HOW TO COMPLETE THIS TASK: Return exactly those lines of the material below that fall between the line holding "LED Einbauleuchte DILED" and the line holding "Indiana Hoosiers Football", inclusive.

PROVIDED ENTRIES:
☆ ☆ ☆

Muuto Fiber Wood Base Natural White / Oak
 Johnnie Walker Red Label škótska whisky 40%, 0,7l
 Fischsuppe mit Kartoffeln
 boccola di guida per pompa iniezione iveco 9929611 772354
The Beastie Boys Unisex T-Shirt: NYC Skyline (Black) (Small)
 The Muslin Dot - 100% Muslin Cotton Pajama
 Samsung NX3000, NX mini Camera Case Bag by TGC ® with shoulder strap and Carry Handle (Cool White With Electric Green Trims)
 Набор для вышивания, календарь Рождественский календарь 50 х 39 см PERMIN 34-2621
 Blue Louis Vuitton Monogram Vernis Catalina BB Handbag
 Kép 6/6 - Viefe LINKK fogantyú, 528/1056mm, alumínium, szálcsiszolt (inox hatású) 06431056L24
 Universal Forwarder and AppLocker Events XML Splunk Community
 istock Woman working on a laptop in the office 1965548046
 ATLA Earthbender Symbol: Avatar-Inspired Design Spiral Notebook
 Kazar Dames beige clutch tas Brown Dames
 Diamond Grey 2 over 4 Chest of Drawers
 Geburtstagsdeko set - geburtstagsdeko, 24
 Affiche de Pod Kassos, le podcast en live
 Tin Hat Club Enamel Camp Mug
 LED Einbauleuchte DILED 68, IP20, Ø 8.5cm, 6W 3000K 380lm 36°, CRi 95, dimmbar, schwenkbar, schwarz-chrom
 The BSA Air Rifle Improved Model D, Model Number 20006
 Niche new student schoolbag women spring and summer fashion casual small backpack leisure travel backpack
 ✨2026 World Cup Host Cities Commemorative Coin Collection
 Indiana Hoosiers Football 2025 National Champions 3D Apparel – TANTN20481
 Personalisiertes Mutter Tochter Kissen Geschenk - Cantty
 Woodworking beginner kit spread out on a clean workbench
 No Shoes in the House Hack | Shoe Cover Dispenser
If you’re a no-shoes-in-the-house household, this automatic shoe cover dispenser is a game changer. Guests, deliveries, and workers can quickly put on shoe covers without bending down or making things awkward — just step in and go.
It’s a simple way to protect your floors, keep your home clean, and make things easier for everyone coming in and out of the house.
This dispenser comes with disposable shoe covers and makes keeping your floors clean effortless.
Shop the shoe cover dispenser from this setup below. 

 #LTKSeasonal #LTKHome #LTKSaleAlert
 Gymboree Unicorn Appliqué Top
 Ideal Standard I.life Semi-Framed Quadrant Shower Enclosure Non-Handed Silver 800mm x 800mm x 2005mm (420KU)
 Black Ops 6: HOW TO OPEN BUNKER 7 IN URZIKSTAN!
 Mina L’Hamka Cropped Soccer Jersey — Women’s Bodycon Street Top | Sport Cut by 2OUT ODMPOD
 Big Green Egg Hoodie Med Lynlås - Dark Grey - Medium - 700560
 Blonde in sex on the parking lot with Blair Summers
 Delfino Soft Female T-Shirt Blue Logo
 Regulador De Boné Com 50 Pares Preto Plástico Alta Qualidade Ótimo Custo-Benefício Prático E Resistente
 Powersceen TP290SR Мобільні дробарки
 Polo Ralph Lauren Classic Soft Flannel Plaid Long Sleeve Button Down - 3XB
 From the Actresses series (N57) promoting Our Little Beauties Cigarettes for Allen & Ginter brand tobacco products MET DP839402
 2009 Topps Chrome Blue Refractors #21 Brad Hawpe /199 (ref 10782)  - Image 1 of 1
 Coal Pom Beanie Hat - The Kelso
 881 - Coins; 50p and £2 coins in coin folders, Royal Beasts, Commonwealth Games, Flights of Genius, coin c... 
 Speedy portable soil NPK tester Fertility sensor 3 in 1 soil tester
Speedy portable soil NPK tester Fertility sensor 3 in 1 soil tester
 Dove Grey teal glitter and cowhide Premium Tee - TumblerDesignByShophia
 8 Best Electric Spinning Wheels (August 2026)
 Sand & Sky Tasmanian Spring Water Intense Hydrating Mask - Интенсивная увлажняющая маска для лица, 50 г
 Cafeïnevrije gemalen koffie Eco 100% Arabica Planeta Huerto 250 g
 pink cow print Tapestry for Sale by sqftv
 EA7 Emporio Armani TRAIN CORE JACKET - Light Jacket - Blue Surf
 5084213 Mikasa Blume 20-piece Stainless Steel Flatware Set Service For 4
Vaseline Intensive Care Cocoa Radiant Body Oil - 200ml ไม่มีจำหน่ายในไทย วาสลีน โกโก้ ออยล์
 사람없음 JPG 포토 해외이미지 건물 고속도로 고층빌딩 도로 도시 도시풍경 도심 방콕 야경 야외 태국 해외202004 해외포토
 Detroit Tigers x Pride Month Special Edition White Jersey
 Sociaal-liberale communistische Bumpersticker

☆ ☆ ☆

EXPECTED ANSWER:
 LED Einbauleuchte DILED 68, IP20, Ø 8.5cm, 6W 3000K 380lm 36°, CRi 95, dimmbar, schwenkbar, schwarz-chrom
 The BSA Air Rifle Improved Model D, Model Number 20006
 Niche new student schoolbag women spring and summer fashion casual small backpack leisure travel backpack
 ✨2026 World Cup Host Cities Commemorative Coin Collection
 Indiana Hoosiers Football 2025 National Champions 3D Apparel – TANTN20481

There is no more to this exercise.